AJICO a sorti le 13 Mars 2024 un nouvel EP de 6 titres intitulé Love no Genkei (ラヴの元型). C’est avec un plaisir non dissimulé qu’on accueille un nouvel épisode de leur aventure musicale. Le premier single reprenant le titre du EP frappe par sa coolitude maîtrisée entre les riffs merveilleusement accrocheurs de Kenichi Asai (浅井健一) à la guitare, l’omniprésente basse de TOKIE, la régularité impeccable de la batterie de Kyōichi Shiino (椎野恭一), et le chant particulièrement inspiré d’UA. Le morceau ne part pas dans les excès car le groupe semble très sûr de ce qu’ils veulent délivrer dans une maturité assumée. Par rapport à l’EP précédent Setsuzoku (接続) sorti en 2021 que j’évoquais à l’époque, il y a sur ce nouvel EP un meilleur équilibre entre les voix de UA et de Kenichi Asai.
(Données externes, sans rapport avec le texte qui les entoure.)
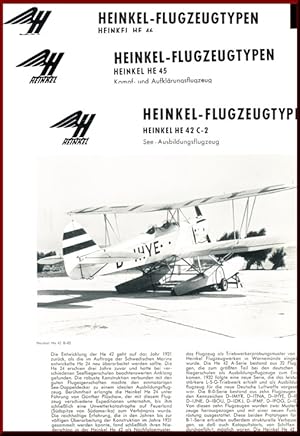 Imagen del vendedor de HEINKEL FLUGZEUGTYPEN, 38 DATENBLTTER; a la venta por Lehmann Daniel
Le morceau d’ouverture Love No Genkei (ラヴの元型) est principalement chanté par UA mais Benji intervient dans les chœurs tandis que le deuxième morceau Attakaine (あったかいね) est principalement chanté par Benji avec UA dans les chœurs. Le cinquième morceau Kitty (キティ) est également interprété par Benji et sa décontraction cool y est remarquable. Ce morceau est un de mes préférés du EP. UA est beaucoup plus passionnée dans son chant, notamment sur le superbe Kotora ga Shuyaku ni Naranai (言葉が主役にならない), et sa voix est comme toujours très marquée. C’est le contraste entre les approches très différentes au chant de Kenichi Asai et de UA qui est un des grands intérêts du groupe. Et musicalement, c’est bien entendu très bien maîtrisé. C’est un EP que j’écoute très régulièrement ces dernières semaines, depuis sa sortie.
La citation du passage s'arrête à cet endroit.